当時、共働きで同じ職場で働いていた両親はどうしても2人一緒に出張しなければならない仕事があり、仕方無く私達を近所に住んでいた叔母(母親の妹)に預けて行った。
2人が乗った飛行機は太平洋上で行方不明となり大掛かりな捜索にも関わらず結局発見出来ず、捜索打ち切り、そして両親は死亡扱いとなった。
私達はそのまま叔母が面倒を見てくれる事となったのだか、元々近所だった事や、保険金や両親が結構な貯金を残してくれていた事も有り、叔母は私達に今まで通り私達の家に住まわせてくれた。

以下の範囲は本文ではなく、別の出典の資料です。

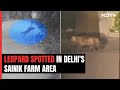 Leopard Spotted In This Delhi Locality, Traps Set Up, Locals Cautioned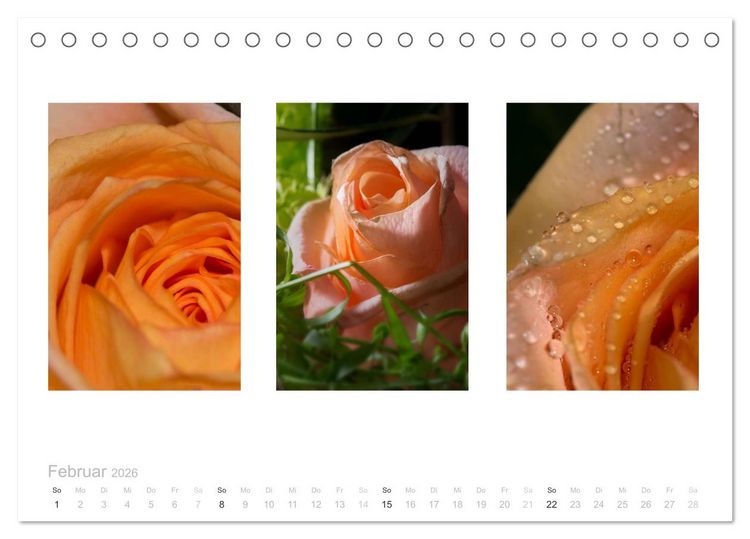 Produktbild: Blumen Trilogien (Tischkalender 2026 DIN A5 quer), CALVENDO Monatskalender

勿論、寂しさ、悲しさ、悔しさ、色々有ったけど、叔母を始め、親戚が本当に良くしてくれたので私達は不自由無く暮らすことが出来た。


***********
食事を終えれば食器をシンクに置いて食器には水を張っておく。
各々の部屋に戻って身嗜みを整えて制服に着替えていると部屋のドアをノックする音が聞こえる。
「お姉~ちゃん!」
「は~い」
上着を羽織り、カバンを手にするとドアを開ける。
「ゴメンなさい、おまたせ」
ドアの前には同じ制服と色違いの上着を羽織った望が立っている。
二人揃って玄関に降り靴を履く。
「さぁ、行こっか」
「ええ」
望の声に返事を返すと私は玄関のドアを開く。
そこから見える雲の無い綺麗な青空。
私はゆっくりと息を吸い込んだ。
「あ~、今日も良い天気ね!」
「本当ね!」
新鮮な朝の空気に清々しさを満喫しながら外へと足を踏み出し、



そして、私は光に飲み込まれた。